This is my first fan fic ever, so i'd be really glad for your feedback.

I wrote this for the "When We Look In The Mirror, What Do We See?"-Challenge by nadia the demented one

Disclaimer: I don't own Twilight



When I look in the mirror...

RosaliePOV

Another Monday morning. Another take at school and acting human. I gently slipped out of Emmet's arms where I spent the last part of the night in comfortable togetherness. I peeled off the sexy blood red baby-doll I recently acquired for such nights with my husband.

I strolled into the adjoining wardrobe; once again glad that Alice and I insisted on having walk-in closets the size of our bedrooms. I wasn't prone to having the same argument with Emmett again that we had when we lived in Denali and his cloth couldn't possibly fit in the small walk-in closet next to mine.

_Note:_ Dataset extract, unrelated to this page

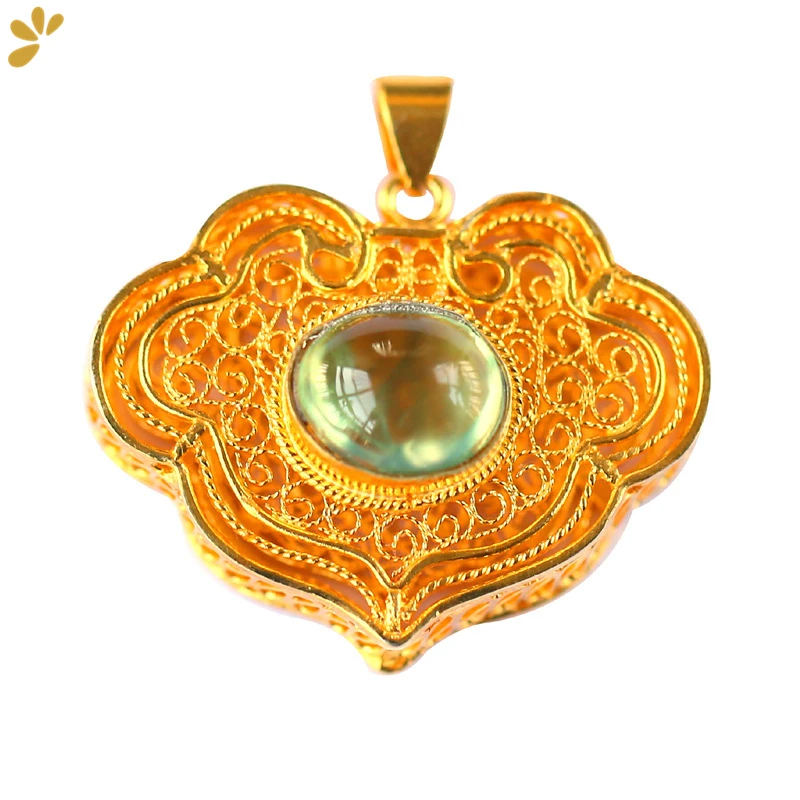 

925 Sterling Silver Prehnite Gemstone Gold Plated Ruyi Pendant Fine Jewelry Women Gift Vintage Necklace Pendants Without Chain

Apparently he disliked changing in the guest room. I chose a flouncy knee length skirt and a matching cami.

I went to the bathroom to do my hair and refresh my make-up. I glanced in the mirror above the sink. The most beautiful of all creatures on earth smiled back at me. It was obvious that I didn't really need make-up, but I knew how fond Emmett was of me looking like a princess. I turned around to inspect my backside. The skirt complimented my feminine curves perfectly.

Theoretically it was ridiculous to look myself over, because my body couldn't change. Not in the slightest. I couldn't gain weight, which was something to be glad of. But my body didn't change in any other way as well. A mental image of myself with a soft bump under my cami appeared in front of my eyes. I knew this image just too well. It haunted my sleepless nights and my never ending days.

Carrying Emmett's child would be the fulfilment of all of my dreams and desires. But instead I was stuck. Stuck in my perfect, eighteen-year old body. I glared at myself with hate filled eyes. It was all Royce's fault! Royce and his wannabe friends. Even after all this years I could still remember this faithful night in clear detail. And even though I got my revenge all those years ago, I still hated them with every cell of my being.

I sometimes wished I could go back. Change that one night, that one mistake I had made. If I had only called my father to accompany me back home, nothing of this would ever have happened. By now I would be old and wise, surrounded by my family, my sons and daughters and my grand children. I would have lived a full and happy life, I was sure of that. Of course I would never have met Emmett, but for the sake of my own all-embracing happiness, I would sacrifice everything, even my loving husband, my soul mate.

This was my personal curse of this life. This unlife. I was sure to never find my peace with the fact that I couldn't bear children. I lived in envy of all those humans around me, that could. I hated this life.

I glared at myself in the mirror. I, Rosalie Hale, shouldn't have to envy anyone. A was after all the most gorgeous creature alive. But life was unfair. That I had to learn the hard way. I tore my gaze away from the mirror and walked out into my unending existence.